Дороже такой дом не продать, тени воспоминаний дороги только мне. Накопившаяся усталость вылилась в желание поскорее закончить и вернуться в настоящее. К размеренной жизни, из которой пришлось вынырнуть ради этой затеи с продажей. Теперь воспоминания лежали мертвым грузом, тяготили, изматывали, возвращая к себе, заставляя платить по счетам. И даже буквально.
– Двести.
Ужасно болела голова. Весна щедро дарила контрасты: жара, холод и снова жара. Солнечные зайчики скакали по стенам, разносили тепло. Капель за окном и звон ручьев возвращали в детство. Хорошо, что тогда починили эту крышу, а то пришлось бы значительно уступить в цене.
– Двести тридцать.
Вдруг в коридоре послышался грохот.
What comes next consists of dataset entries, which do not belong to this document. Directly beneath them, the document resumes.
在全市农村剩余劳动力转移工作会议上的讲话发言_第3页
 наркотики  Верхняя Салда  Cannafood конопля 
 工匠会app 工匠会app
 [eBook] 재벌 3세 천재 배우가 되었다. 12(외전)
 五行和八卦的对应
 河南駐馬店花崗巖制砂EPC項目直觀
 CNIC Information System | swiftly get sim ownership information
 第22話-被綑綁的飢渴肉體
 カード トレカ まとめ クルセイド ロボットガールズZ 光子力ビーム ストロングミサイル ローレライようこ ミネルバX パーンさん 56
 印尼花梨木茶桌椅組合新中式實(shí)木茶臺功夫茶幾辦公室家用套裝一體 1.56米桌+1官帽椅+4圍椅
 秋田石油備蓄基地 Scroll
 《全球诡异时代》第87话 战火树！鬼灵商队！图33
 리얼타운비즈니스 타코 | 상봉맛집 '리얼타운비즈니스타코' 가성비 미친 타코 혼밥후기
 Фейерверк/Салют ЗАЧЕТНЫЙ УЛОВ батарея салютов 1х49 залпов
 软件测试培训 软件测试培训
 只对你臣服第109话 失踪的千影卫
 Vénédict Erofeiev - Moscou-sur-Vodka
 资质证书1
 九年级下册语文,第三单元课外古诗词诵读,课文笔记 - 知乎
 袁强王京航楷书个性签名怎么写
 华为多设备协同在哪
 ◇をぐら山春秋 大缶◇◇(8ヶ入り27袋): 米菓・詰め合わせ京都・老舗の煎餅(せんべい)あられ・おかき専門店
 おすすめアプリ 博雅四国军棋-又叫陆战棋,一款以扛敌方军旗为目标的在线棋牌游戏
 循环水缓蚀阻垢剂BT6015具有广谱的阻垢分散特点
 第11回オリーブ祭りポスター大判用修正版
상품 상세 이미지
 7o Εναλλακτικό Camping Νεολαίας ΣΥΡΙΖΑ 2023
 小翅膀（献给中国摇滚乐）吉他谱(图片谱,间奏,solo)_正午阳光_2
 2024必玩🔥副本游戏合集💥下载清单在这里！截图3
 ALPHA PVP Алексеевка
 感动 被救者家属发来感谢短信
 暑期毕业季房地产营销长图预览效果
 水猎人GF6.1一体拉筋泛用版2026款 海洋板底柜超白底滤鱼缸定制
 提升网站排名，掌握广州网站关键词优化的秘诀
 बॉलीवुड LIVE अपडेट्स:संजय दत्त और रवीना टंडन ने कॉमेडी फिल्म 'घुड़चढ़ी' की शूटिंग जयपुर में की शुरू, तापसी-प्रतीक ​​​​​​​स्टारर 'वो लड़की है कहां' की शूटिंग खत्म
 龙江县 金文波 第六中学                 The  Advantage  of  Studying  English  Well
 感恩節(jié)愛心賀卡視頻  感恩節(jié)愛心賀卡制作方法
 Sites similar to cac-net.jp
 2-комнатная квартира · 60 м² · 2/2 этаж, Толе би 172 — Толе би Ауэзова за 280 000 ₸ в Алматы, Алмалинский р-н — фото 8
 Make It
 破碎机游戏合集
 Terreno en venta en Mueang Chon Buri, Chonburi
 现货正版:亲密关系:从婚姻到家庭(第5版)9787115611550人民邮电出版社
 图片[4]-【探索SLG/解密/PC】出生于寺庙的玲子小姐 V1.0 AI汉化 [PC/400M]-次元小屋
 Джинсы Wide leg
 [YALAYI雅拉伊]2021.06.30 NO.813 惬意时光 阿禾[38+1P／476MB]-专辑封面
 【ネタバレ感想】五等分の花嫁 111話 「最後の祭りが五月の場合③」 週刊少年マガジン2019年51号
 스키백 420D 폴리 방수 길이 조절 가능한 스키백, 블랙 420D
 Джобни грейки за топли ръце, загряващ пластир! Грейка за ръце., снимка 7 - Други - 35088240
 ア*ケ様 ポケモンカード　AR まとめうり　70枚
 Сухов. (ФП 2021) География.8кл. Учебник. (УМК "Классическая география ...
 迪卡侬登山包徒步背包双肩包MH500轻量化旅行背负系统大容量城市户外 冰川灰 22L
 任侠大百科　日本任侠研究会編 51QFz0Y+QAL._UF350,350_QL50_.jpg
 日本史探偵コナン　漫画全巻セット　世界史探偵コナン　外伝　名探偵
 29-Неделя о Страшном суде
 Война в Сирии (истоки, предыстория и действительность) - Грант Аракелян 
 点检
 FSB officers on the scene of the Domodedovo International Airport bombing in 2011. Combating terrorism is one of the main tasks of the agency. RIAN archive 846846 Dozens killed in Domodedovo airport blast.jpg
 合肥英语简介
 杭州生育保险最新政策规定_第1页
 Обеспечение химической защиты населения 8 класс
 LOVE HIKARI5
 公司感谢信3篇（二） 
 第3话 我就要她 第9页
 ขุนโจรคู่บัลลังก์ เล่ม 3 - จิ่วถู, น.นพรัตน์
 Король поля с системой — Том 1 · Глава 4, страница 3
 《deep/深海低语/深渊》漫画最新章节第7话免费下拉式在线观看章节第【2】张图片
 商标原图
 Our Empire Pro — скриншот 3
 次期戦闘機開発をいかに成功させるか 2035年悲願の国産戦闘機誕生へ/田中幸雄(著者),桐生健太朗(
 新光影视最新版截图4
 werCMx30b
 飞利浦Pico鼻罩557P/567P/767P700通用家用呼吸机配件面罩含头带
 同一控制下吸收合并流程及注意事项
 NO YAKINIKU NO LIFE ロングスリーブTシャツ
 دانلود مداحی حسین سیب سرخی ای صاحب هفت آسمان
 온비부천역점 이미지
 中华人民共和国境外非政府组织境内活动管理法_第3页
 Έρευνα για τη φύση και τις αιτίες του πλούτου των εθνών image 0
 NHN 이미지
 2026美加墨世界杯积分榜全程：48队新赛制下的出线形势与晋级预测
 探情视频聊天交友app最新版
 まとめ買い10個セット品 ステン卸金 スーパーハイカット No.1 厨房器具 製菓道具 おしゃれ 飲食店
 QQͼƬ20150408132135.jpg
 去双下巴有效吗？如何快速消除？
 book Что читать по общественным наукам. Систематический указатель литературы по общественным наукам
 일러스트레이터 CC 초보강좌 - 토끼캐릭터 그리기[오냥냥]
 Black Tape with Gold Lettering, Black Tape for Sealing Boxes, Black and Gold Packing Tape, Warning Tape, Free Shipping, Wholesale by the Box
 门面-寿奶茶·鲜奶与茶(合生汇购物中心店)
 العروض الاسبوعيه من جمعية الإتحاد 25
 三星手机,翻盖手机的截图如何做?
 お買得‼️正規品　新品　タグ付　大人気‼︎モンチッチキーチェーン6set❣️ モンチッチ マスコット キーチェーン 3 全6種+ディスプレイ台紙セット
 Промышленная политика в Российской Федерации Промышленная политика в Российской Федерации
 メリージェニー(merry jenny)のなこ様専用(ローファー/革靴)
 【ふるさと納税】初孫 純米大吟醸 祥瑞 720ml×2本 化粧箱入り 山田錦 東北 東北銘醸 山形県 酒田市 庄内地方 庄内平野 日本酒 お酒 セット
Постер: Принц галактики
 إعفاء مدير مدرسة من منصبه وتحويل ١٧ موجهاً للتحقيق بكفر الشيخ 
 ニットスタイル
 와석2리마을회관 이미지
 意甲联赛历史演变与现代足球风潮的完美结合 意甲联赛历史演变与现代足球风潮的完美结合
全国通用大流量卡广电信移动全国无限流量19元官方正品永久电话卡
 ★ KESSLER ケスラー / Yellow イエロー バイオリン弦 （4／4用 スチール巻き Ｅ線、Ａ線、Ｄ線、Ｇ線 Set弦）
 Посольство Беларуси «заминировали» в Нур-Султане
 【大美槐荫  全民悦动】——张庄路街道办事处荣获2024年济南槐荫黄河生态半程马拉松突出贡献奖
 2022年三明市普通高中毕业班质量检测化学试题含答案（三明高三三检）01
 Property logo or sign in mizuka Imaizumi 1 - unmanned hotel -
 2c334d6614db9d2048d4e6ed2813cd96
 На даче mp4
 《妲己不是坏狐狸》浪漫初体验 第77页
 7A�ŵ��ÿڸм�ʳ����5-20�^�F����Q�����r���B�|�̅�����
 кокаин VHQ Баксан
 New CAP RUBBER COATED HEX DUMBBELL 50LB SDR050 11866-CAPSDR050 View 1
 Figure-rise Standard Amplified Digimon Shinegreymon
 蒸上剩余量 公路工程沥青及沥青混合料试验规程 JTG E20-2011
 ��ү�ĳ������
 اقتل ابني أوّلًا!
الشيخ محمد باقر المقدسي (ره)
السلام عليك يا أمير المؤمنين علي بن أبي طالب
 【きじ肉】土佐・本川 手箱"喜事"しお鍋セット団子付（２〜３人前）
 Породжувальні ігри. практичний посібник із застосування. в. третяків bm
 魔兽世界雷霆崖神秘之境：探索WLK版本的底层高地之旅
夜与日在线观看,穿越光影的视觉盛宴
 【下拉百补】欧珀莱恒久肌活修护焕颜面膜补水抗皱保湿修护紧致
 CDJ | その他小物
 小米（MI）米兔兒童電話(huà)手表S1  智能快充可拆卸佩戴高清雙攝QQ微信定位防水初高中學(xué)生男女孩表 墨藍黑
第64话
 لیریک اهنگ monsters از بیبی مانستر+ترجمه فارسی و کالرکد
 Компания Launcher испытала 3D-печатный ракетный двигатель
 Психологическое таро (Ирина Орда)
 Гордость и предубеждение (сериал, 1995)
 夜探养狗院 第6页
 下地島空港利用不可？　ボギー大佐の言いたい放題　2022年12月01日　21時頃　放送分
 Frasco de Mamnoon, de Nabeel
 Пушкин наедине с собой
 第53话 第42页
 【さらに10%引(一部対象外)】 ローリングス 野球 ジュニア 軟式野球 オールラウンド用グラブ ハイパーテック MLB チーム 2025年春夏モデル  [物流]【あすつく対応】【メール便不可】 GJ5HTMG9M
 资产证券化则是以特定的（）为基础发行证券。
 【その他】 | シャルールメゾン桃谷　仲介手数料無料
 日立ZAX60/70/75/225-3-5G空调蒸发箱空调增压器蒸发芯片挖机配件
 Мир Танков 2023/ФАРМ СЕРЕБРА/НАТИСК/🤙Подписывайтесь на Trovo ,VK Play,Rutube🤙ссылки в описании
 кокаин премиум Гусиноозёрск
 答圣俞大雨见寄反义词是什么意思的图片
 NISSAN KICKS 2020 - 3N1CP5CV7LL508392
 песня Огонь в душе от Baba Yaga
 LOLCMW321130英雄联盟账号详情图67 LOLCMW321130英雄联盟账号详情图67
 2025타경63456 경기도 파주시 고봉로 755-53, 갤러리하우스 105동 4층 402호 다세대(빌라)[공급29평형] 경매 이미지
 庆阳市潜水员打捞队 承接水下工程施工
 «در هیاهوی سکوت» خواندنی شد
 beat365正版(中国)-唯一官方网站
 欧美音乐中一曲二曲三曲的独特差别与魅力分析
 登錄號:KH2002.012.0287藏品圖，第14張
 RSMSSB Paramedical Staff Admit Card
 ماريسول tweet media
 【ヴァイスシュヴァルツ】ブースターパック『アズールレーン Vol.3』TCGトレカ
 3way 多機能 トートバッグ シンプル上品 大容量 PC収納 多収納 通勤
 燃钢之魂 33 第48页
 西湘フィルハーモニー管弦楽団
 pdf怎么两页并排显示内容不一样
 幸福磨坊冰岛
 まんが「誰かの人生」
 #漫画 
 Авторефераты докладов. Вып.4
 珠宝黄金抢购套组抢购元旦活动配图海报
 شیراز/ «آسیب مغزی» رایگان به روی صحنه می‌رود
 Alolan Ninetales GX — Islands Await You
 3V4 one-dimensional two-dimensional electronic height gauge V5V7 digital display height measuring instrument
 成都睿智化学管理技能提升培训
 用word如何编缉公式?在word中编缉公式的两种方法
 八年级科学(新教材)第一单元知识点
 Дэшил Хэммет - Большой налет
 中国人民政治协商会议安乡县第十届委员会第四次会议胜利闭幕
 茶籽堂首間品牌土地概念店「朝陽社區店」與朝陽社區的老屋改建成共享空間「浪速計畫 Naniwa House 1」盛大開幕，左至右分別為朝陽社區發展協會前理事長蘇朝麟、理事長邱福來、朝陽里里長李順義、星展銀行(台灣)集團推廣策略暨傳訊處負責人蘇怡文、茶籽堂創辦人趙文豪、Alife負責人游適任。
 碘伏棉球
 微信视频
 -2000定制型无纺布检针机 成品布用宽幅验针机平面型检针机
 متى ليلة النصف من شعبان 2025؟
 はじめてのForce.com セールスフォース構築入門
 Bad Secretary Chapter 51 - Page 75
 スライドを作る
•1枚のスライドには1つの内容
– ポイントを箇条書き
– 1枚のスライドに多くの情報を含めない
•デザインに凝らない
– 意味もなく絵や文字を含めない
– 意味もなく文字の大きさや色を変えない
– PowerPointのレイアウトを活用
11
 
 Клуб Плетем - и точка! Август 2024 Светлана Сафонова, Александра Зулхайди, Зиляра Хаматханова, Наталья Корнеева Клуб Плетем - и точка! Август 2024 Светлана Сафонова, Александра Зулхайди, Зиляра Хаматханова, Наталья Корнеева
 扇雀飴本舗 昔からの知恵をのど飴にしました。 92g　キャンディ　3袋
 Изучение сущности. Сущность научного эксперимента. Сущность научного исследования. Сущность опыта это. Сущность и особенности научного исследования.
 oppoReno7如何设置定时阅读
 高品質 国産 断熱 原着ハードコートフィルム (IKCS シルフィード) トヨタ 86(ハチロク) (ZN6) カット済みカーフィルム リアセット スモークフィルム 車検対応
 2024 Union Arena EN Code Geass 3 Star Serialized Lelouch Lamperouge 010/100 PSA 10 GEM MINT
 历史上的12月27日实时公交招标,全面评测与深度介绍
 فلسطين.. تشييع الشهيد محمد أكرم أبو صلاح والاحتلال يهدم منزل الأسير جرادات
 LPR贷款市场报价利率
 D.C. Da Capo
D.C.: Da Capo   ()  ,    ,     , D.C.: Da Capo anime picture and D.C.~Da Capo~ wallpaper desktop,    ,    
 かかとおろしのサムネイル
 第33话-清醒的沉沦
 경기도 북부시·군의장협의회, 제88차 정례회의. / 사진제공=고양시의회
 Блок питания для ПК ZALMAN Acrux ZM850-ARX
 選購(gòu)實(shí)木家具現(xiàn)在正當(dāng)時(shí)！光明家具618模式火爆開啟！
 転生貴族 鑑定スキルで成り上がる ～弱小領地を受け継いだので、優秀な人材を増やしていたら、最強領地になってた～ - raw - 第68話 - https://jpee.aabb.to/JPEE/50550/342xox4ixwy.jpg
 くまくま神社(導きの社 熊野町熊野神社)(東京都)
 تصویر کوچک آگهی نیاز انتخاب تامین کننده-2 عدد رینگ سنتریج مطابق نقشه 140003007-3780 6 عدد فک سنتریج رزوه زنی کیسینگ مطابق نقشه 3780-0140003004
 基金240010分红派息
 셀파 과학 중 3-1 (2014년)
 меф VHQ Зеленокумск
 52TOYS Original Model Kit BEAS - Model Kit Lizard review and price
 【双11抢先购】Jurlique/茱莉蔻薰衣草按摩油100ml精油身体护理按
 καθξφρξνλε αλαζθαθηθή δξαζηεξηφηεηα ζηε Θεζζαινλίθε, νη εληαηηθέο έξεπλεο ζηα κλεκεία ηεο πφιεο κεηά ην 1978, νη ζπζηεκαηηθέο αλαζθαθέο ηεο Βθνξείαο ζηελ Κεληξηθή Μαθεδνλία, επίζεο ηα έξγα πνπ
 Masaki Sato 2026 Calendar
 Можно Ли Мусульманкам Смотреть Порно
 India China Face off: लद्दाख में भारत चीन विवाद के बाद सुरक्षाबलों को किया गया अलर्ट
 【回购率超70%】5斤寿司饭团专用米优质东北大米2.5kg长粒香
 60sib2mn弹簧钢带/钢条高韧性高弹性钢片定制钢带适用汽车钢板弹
Мы одновременно обернулись. Вихрь? Нет – маленькая девочка в ярко-желтой курточке промчалась мимо меня к матери.
– Вита!
Шапка девочки слегка сбилась набок. Резиновые сапожки были сплошь облеплены грязью. Цапля, извиняясь, впервые улыбнулась мне.
– Ну, что это такое! Ты опять вся извозилась…
– Мама, я накрыла стол! Ты посмотришь? – Девочка потянула мать на улицу, но та не успела ответить. Девочка уже огляделась. – А мы тут будем жить?
– Думаю, да. Тебе нравится? Хочешь, здесь будет твоя комната?
Девочка осмотрелась внимательно. Почти со взрослой серьезностью прошлась по квартире, заглянула во все ниши и уголки. А я с интересом наблюдала за ней.
Пустая форточка вдруг подмигнула звеняще-чистым небесно-голубым, пропуская свежее весеннее дыхание. Тихо, еще несмело, шелохнулось крыло бабочки, оживающей в солнечном луче. Веселилась капель, и, словно следуя ее зову, девочка выглянула из того самого окна:
– Ой, мой пир видно прямо отсюда! Мама, смотри!
Солнечные зайчики пропали, похолодало. Прощально скрипнула дверь, в тысячный раз ключ совершил два плавных оборота до тихого щелчка. В последний раз. Мы спустились. Весна разогретым воздухом пыталась пробраться в подъезд сквозь открытую дверь, но пока она не набрала сил и скромно топталась у входа. Знакомо, привычно и совершенно обычно. Цапля щебетала - в говорливости она могла поспорить с недавно прилетевшими пуночками. Шпильки едва касались ступенек.
– …не много ли тут собак? А строители, знаете, кто мог бы…? Я думаю, здесь мы не обойдемся без…
Девочка убежала, не дождавшись нас. Я отвечала, иногда теряясь и путаясь, но испытывая в конечном итоге облегчение и даже некую радость.
– Давайте решим все формальности на следующей встрече?
– Да, конечно.
Маленький, такой знакомый двор, способный растягиваться до невероятных размеров, вмещать в себя и звезды, и высокое небо, большие и маленькие мечты, уменьшился окончательно и почему-то вдруг стал совершенно незнакомым. Взгляд остановился на большом березовом пне под чьим-то окном, где разномастными кучками стояли пышные снежно-грязевые куличи. Знаешь такие окна в старых домах, из которых видно счастье? Я знаю.